Die Risiken veranschaulichen

Ganz nebenbei können Eltern immer wieder von den „besonderen Kräften“ des Internets erzählen, etwa, dass sich dort nichts einfach löschen lässt. Zur Veranschaulichung habe ich mit meiner Tochter ein Foto in unserer Familienchatgruppe geteilt und dieses anschließend von ihr auf dem Handy löschen lassen. Danach wurde auf dem Display der anderen Teilnehmer sichtbar, dass das Bild nur angeblich gelöscht wurde. Bei einem anderen Experiment haben meine Tochter und ich ein Foto ihrer Puppe an unseren Bekanntenkreis gemailt, mit der Bitte, es uns verändert zurückzuschicken, um die Möglichkeiten der Manipulation zu verdeutlichen.

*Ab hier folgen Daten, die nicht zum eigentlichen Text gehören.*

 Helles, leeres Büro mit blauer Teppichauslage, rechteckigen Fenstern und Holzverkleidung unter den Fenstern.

Damit Kinder schon früh begreifen, dass sie im Internet nie wirklich allein sind, empfiehlt es sich, die Kamera am Laptop oder Tablet mit einem Klebezettel abzudecken und ihnen zu erklären, dass sie sonst fotografiert oder beobachtet werden könnten. Denn die Kamera ist wie eine Tür, durch die sich möglicherweise Unbefugte mit einer Schadsoftware Eintritt in die Privatsphäre verschaffen. Wir haben unsere Tochter sogar einen „digitalen Einbruch“ begehen lassen: Während eines Videochats mit ihrer Oma ließen wir sie Bildschirmfotos machen. So sah sie, dass auch scheinbar private und vergängliche Momente per Screenshot unbemerkt eingefangen werden können.

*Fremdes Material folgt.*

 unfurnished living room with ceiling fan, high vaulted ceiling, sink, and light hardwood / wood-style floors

Das Internet vergisst nichts

Wenn Kinder diese „Mächte“ verstanden haben, ist es leicht, ihnen zu erklären, dass die gleiche Dynamik auch bei Worten im Netz wirkt, dass „Idiot“ zwar schnell getippt ist, aber nicht einfach wieder zurückgenommen werden kann. Wie wichtig es ist, dass sich Eltern mit all diesen Aspekten auseinandersetzen und ihre Kinder darüber aufklären, zeigen nicht zuletzt drastische Fälle wie der von Amanda Todd. Die kanadische Schülerin hatte auf einer Videochat- Plattform kurz ihre Brüste entblößt. Der Chatpartner machte davon einen Screenshot und erpresste das Mädchen, schickte das Bild ihren Mitschülern und stalkte sie, bis sie sich das Leben nahm. Als Journalistin und Mutter plädiere ich deshalb dafür, dass Eltern das knappe Zeitfenster nutzen, in dem sie für ihre Kinder eine digitale Autorität sind. So können sie auch für die virtuelle Welt Fähigkeiten und Werte wie Urteilsvermögen, Respekt oder Empathie vermitteln.